Sylvia Berger is a longstanding member of the North Jersey Jewish community. She was an administrator at Gerrard Berman Solomon Schechter Day School in Oakland for nearly 20 years. She also was active in Hadassah, and is a past president of Fair Lawn Hadassah. A long-term resident of Fair Lawn, she and her husband now live in Wanaque.
Ms. Berger is on waiting lists for a cadaver kidney, but her best bet would be a donation from an altruistic living donor; success rates for live donor kidneys are better. Robby Berman, founder and director of the Halachic Organ Donor Society (HODS), which promotes cadaveric organ donations in the Jewish community, explained that kidneys from living donors do have better prospects than those organs obtained from cadavers. That’s because when there is living donor the transplant can be done more rapidly, and so there is less time for the kidney to degrade. According to the U.S. Department of Health and Human Services Organ Procurement and Transplantation Network (https://optn.transplant.hrsa.gov/) the five-year survival rate for people who received living donor kidneys is 92 percent, compared with an 83 percent survival rate for patients who received cadaveric kidneys.
Living kidney donation still are rare, however, and there are only a few organizations that help coordinate the process. One such organization, called Renewal (http://www.life-renewal.org), facilitates kidney donations in the Jewish community.
A child of Holocaust survivors, Ms. Berger was born in Russia in 1945, lived in Poland after World War II, then moved to Israel with her parents when she was four years old. Ten years later the family moved to Toronto, where Ms. Berger completed high school and college. She met and married her husband, Dr. Irwin Berger, in November 1967, and has lived in New Jersey ever since, raising her four children in Fair Lawn. Now a grandmother to 11, Ms. Berger reports that her active life has been compromised since her kidney functioning dropped to 15 percent, a critical point with regard to kidney failure.
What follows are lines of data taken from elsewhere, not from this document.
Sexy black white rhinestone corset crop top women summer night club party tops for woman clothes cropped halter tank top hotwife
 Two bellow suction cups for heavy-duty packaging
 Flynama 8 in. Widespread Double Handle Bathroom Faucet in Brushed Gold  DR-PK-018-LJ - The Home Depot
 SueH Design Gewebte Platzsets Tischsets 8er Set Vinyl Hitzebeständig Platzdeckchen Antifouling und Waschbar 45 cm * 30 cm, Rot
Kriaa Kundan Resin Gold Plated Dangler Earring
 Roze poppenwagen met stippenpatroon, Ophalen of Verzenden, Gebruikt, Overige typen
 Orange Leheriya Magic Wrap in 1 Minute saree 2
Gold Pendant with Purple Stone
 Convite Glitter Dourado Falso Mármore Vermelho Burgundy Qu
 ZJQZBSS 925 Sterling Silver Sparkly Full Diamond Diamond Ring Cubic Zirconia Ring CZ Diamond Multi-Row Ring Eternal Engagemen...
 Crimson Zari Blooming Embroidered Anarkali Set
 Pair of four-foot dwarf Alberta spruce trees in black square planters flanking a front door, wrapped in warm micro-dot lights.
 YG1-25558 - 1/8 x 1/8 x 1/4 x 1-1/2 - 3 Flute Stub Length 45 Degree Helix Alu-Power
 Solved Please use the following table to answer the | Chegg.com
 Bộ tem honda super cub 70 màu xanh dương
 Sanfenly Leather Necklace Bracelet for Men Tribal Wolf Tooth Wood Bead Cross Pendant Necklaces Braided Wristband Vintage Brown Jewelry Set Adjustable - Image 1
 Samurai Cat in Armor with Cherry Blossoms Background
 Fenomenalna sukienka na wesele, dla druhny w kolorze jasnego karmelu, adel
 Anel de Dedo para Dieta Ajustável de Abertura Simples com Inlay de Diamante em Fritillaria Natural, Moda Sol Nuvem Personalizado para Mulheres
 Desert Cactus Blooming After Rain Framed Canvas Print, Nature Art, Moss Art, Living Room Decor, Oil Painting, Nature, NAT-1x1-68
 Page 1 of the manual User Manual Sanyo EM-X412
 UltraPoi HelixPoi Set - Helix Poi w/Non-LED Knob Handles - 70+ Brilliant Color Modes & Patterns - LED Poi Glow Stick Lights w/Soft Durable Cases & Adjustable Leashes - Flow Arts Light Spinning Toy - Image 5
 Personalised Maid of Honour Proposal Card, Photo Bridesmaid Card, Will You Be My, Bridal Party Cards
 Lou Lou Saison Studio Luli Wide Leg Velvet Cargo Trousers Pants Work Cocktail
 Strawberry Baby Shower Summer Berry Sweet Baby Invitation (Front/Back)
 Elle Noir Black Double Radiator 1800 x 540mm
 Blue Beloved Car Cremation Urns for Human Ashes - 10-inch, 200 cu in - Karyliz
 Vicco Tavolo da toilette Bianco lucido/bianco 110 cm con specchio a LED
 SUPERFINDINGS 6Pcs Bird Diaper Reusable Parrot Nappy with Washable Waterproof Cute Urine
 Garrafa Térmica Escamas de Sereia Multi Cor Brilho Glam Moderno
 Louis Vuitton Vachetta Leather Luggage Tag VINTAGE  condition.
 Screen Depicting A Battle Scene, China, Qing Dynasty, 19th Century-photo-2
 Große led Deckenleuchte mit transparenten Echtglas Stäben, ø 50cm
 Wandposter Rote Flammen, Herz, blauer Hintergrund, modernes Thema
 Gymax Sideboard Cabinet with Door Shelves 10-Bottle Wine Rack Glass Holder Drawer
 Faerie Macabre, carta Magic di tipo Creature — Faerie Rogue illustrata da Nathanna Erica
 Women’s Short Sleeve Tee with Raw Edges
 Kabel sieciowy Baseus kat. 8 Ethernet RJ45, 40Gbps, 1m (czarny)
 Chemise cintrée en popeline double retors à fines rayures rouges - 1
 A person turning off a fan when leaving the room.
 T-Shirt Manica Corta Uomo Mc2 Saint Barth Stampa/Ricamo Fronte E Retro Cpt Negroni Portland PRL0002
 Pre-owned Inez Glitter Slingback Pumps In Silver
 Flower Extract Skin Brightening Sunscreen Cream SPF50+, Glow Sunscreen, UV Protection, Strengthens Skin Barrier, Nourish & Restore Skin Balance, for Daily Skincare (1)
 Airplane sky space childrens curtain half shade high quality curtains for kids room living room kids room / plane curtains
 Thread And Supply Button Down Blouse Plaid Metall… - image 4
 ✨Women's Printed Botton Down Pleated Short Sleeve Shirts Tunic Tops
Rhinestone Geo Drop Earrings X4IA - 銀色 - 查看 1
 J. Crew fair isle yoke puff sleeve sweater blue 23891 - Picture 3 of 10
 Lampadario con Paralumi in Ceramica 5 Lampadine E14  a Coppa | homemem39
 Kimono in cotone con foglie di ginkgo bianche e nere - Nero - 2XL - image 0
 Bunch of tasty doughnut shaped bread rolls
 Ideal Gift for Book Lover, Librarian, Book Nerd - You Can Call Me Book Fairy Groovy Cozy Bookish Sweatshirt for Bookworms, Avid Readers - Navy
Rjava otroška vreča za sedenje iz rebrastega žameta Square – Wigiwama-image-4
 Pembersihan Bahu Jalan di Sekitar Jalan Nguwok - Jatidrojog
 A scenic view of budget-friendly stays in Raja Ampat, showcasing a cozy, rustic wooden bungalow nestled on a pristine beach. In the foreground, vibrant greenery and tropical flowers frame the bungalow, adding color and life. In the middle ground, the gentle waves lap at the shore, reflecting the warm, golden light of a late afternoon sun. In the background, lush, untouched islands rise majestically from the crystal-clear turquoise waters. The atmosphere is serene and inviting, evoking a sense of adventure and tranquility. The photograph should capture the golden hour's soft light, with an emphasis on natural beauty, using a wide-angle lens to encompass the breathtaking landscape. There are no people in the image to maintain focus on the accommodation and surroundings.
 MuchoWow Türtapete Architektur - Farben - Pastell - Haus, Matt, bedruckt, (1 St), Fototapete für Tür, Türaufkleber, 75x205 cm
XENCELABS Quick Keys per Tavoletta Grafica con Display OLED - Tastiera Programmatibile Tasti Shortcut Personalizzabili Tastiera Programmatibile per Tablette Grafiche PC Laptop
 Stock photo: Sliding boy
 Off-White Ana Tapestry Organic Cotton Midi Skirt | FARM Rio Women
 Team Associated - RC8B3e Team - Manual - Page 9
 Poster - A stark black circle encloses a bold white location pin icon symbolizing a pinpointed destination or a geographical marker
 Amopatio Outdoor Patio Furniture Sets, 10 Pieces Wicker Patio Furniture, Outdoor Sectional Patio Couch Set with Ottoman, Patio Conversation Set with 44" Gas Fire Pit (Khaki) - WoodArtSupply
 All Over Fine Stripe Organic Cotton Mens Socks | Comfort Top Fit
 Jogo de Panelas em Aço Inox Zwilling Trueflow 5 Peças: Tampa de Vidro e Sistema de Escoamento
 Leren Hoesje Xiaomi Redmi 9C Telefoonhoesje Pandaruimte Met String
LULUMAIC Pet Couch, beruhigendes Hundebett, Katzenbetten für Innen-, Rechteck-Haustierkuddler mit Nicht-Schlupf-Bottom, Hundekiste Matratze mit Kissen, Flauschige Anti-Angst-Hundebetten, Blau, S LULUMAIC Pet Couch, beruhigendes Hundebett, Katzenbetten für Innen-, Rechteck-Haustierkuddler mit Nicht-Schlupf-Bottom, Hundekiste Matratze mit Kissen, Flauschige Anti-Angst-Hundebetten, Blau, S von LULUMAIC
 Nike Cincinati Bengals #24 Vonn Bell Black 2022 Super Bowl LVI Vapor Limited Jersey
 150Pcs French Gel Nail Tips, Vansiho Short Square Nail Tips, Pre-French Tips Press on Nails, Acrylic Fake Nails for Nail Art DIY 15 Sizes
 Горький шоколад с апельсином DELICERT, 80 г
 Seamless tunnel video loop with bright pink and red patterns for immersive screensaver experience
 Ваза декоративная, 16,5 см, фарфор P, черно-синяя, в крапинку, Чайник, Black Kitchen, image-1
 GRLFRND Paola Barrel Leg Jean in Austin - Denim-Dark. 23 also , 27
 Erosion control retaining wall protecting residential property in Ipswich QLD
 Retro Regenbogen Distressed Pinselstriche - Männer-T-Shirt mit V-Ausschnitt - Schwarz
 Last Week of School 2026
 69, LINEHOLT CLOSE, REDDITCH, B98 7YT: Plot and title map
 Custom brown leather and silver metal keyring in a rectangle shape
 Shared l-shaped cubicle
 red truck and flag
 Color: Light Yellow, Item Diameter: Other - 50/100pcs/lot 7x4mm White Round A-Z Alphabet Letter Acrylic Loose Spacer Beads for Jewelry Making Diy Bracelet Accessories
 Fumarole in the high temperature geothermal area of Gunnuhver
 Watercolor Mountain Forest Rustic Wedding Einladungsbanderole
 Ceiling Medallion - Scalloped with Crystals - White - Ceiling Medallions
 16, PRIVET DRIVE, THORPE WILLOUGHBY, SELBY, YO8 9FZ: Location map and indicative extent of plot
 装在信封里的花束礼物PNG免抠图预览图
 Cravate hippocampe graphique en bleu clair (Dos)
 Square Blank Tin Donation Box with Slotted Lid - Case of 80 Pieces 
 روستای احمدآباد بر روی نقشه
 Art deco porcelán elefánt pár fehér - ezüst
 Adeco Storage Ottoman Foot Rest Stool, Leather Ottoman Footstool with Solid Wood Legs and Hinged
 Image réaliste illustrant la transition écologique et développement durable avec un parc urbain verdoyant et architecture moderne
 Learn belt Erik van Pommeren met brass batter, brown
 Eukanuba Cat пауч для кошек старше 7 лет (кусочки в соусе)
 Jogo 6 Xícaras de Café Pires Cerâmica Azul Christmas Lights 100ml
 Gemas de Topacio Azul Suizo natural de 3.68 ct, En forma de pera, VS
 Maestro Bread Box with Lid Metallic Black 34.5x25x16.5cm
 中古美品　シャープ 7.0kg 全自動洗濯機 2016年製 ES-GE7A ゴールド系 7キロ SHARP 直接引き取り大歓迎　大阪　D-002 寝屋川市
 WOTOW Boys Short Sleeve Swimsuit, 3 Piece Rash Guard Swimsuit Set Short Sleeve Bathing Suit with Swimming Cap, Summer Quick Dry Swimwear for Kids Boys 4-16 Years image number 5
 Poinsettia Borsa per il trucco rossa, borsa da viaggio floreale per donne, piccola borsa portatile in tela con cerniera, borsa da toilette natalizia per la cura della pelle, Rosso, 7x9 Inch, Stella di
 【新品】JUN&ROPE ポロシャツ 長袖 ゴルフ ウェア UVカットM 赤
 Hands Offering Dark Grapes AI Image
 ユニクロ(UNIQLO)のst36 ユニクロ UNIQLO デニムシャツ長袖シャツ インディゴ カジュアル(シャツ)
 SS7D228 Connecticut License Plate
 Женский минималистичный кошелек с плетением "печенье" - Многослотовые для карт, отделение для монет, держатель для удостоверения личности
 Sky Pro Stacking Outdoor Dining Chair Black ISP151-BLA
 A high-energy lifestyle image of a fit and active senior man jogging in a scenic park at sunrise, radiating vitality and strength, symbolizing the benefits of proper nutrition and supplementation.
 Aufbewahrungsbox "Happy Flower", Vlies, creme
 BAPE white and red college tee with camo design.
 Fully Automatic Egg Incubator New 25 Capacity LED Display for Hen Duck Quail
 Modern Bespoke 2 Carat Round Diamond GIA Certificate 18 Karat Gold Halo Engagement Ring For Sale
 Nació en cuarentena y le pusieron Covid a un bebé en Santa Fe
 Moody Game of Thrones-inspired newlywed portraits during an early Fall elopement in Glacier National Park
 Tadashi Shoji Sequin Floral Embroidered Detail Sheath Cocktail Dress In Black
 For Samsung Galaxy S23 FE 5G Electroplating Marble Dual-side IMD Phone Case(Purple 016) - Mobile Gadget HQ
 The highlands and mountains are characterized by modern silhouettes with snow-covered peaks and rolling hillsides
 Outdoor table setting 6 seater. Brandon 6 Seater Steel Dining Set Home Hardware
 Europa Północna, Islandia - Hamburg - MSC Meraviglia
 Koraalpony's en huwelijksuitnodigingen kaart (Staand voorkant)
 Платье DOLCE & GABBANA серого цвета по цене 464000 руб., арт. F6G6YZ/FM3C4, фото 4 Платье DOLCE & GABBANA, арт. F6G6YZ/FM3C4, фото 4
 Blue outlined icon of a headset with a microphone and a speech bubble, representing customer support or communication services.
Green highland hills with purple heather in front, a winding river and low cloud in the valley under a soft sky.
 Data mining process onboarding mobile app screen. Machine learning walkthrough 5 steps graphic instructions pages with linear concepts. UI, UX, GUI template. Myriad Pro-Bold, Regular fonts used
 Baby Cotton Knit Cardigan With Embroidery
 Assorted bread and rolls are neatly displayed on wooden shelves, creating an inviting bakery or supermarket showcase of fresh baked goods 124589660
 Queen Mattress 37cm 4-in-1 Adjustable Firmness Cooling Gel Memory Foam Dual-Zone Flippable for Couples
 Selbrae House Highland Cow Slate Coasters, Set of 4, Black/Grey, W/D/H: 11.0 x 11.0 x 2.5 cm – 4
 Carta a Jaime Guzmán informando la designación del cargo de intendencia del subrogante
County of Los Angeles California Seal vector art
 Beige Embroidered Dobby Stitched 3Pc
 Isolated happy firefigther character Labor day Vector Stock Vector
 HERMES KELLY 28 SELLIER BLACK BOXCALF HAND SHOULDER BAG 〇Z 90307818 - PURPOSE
Rabbi Ronald Roth of the Fair Lawn Jewish Center, where the Bergers belonged when they lived in Fair Lawn, sent around an open letter Ms. Berger wrote to the community. In that letter, she explains her situation and appeals for a kidney donor. She writes, “Friends, if anyone has ever been interested in pursuing the mitzvah of Pikuach Nefesh — Saving Someone’s Life — then consider viewing this as the ultimate mitzvah opportunity.”
“I’m hoping not to have to go on dialysis, and to get a live donor,” Ms. Berger said. “The more people who know about it,” the better the prospect of finding a match. “You never know where the salvation will come from.”
In reaching out to the community, Ms. Berger hopes to raise awareness that “you can get kidney disease in many different ways. If God forbid someone gets diarrhea, they can get kidney disease from it.” She learned it is “unbelievable how many side effects are caused by [diseased] kidneys.” Nevertheless, she said, “You can’t give up hope. My parents were Holocaust survivors. They taught me stamina, and never to give up.”
Dr. Miryam Z. Wahrman is a professor of biology at William Paterson University of New Jersey, and the author of “The Hand Book: Surviving in a germ-filled world,” which provides advice on how to reduce the risk of infection and save lives through better hygiene practices.